*Dataset extract*.
··········

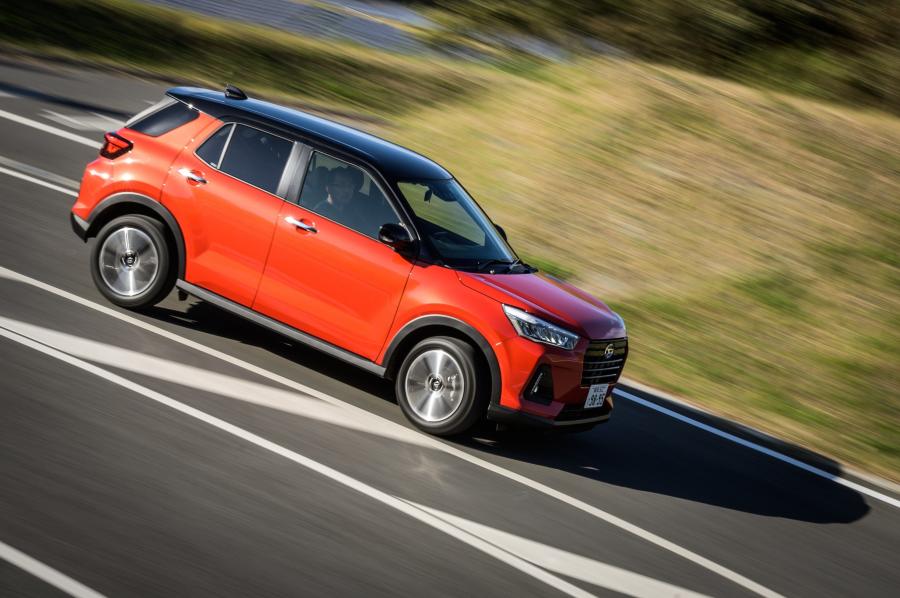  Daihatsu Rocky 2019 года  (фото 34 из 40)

··········

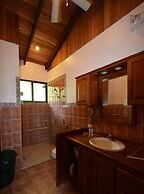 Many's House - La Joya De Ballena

··········

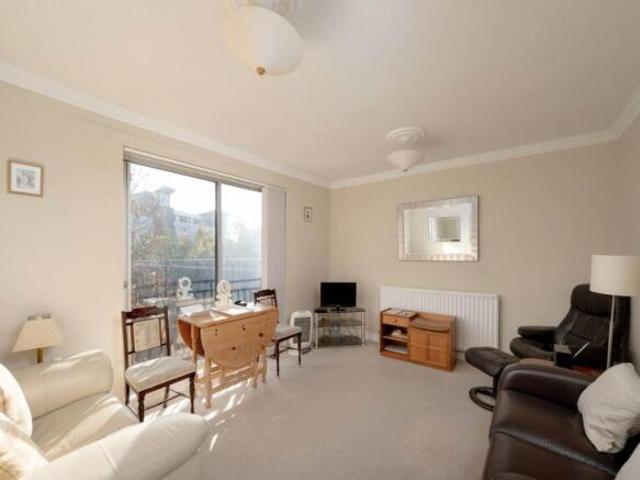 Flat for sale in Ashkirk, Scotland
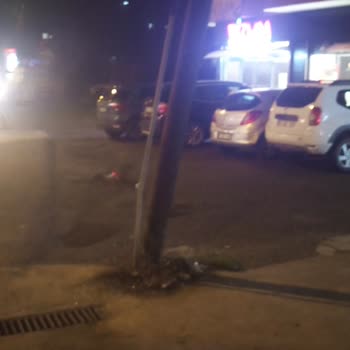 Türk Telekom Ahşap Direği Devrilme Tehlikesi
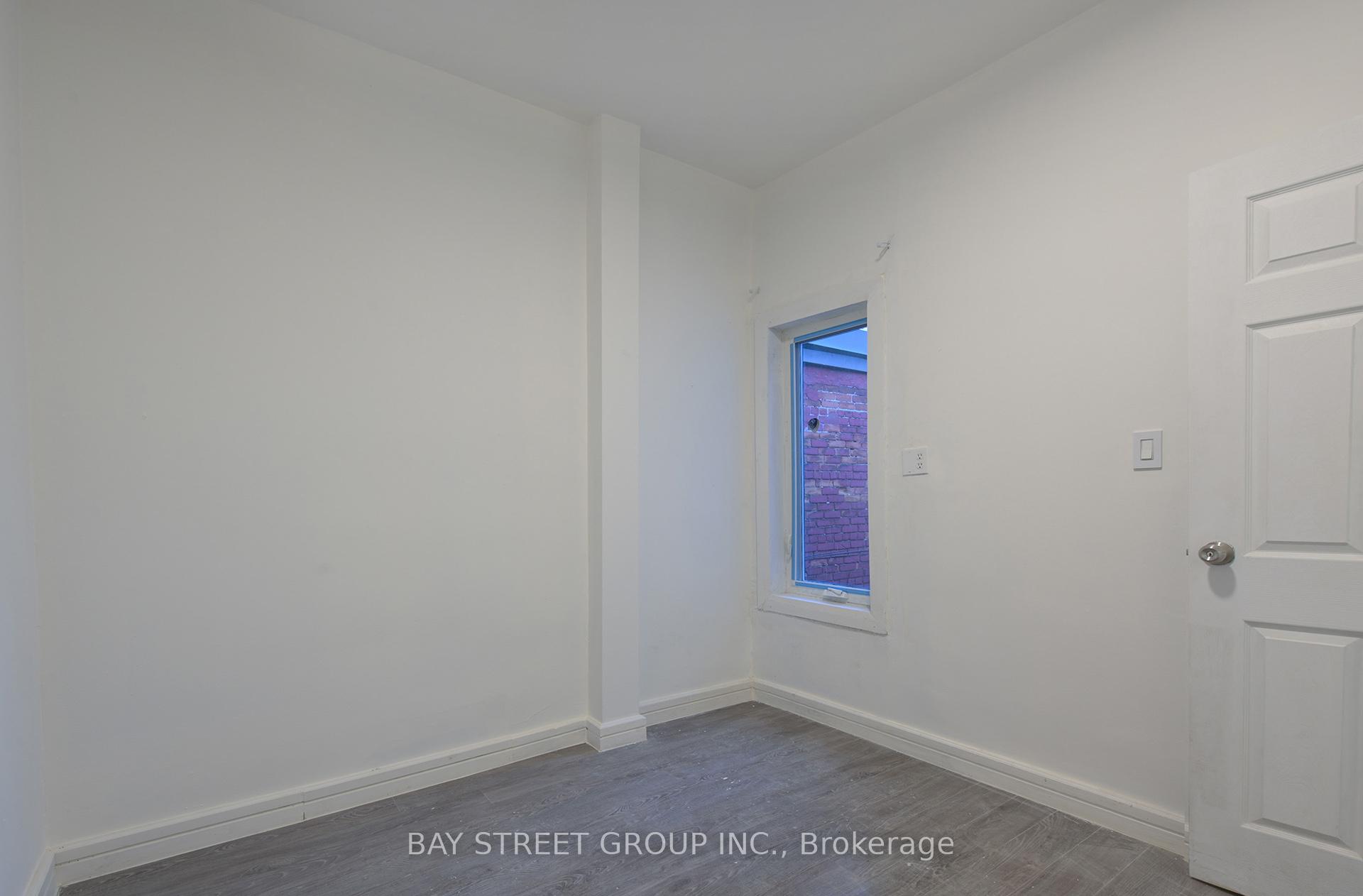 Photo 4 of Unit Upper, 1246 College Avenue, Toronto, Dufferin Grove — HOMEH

··········

*How to complete this task*. Those lines of the records above that run from the one containing "Türk Telekom Ahşap Direği Devrilme Tehlikesi" through the one containing "Photo 4 of Unit" should be returned exactly, with no pictures among them.

*Answer space*.
 Türk Telekom Ahşap Direği Devrilme Tehlikesi
 Photo 4 of Unit Upper, 1246 College Avenue, Toronto, Dufferin Grove — HOMEH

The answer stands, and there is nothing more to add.